If you earn ₹1000,000 per year under the New Tax Regime, your tax liability will be:

  • 0% on the first ₹4,00,000
  • 5% on the next ₹4,00,000 (₹20,000)
  • 10% on the next ₹2,00,000 (₹20,000)
  • Total Tax = ₹40,000

Under the Old Tax Regime, your tax liability for the same income would be:

  • 0% on the first ₹2,50,000
  • 5% on the next ₹2,50,000 (₹12,500)
  • 20% on the next ₹5,00,000 (₹1,00,000)
  • Total Tax = ₹1,12,500

The New Tax Regime benefits those with fewer deductions, while the Old Tax Regime is better for individuals who claim exemptions.

Deductions that lower your taxable income

Certain deductions help reduce taxable income, especially under the Old Tax Regime.

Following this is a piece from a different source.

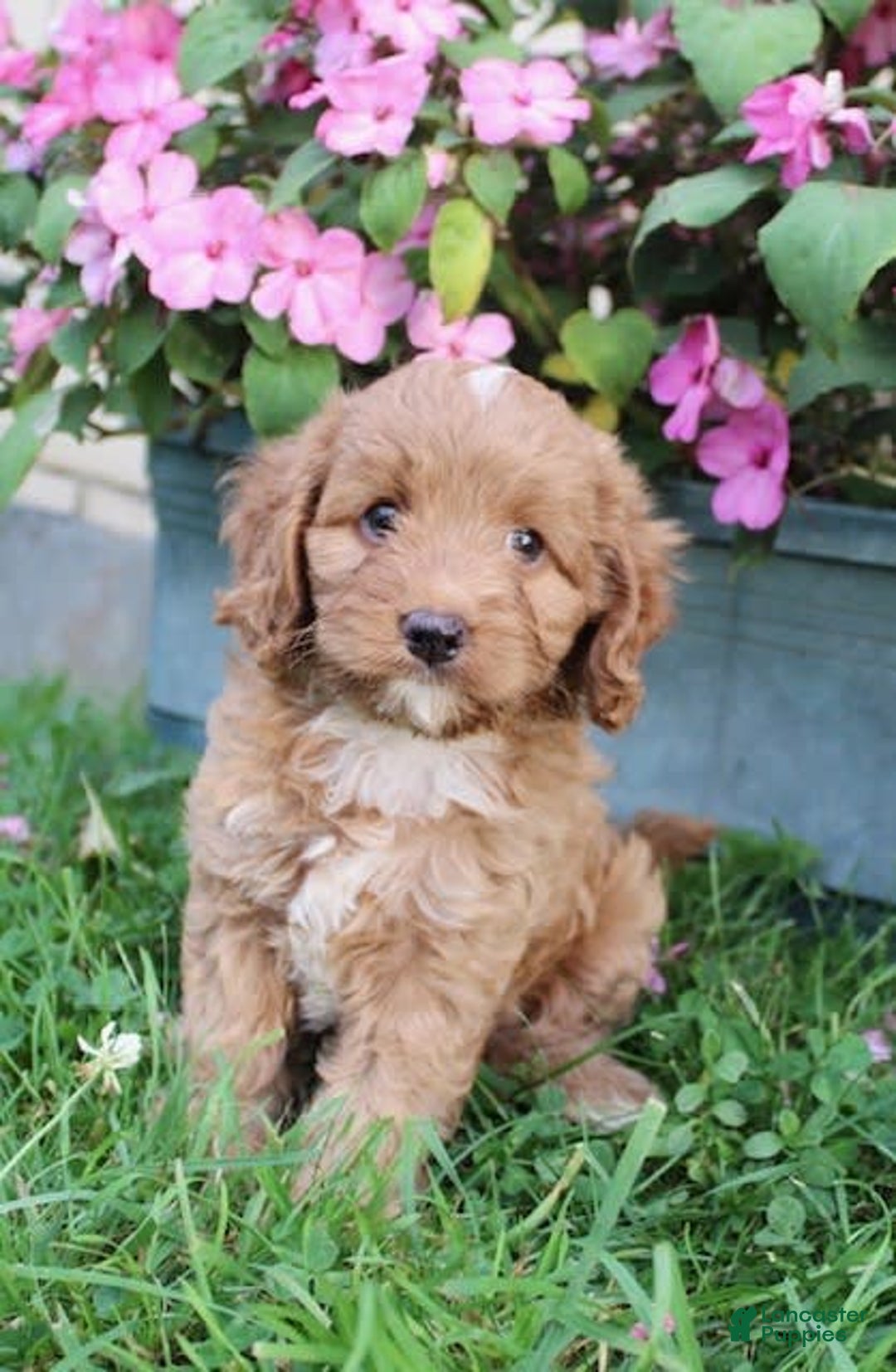 Cavapoo dogs for sale: Olive - Image 2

  • Standard Deduction: Salaried employees and pensioners get a ₹75,000 deduction.
  • Section 80C: Investments in EPF, PPF, NSC, ELSS, life insurance, and principal repayment of home loans (Up to ₹1.5 lakh deduction).
  • Section 80D: Health insurance premium (Up to ₹25,000 for self and family; ₹50,000 if covering senior citizens).
  • Section 80E: Interest on education loans (No limit on deduction).
  • Section 80CCD (1B): NPS contributions (Up to ₹50,000 additional deductions).
  • Home Loan Interest: Deduction under Section 24 (Up to ₹2 lakh for self-occupied property).

How TDS (Tax Deducted at Source) works

TDS is the tax deducted by employers before paying your salary. If your estimated annual income is taxable, your employer deducts TDS and deposits it with the government.

You can check your TDS details in Form 16 (issued by your employer) and Form 26AS (available on the Income Tax website) to ensure the correct amount is deducted. If excess tax is deducted, you can claim a refund when filing your Income Tax Return (ITR).

Choosing between the Old and New Tax Regime

The decision to choose between the Old and New Tax Regimes depends on your financial situation.

  • If you have significant deductions (such as investments, home loans, and medical insurance), the Old Tax Regime may be more beneficial.
  • If you prefer a simplified structure with lower tax rates and fewer exemptions, the New Tax Regime might be a better choice.

For instance, if you earn ₹12 lakh per year and claim deductions under 80C, 80D, and home loan interest, you may pay less tax under the Old Regime. However, if you don’t have any major deductions, the New Regime might help you save more money. 

This Article is for information purpose only. The views expressed in this Article do not necessarily constitute the views of Kotak Mahindra Bank Ltd. (“Bank”) or its employees. The Bank makes no warranty of any kind with respect to the completeness or accuracy of the material and articles contained in this Article. The information contained in this Article is sourced from empaneled external experts for the benefit of the customers and it does not constitute legal advice from the Bank. The Bank, its directors, employees and the contributors shall not be responsible or liable for any damage or loss resulting from or arising due to reliance on or use of any information contained herein.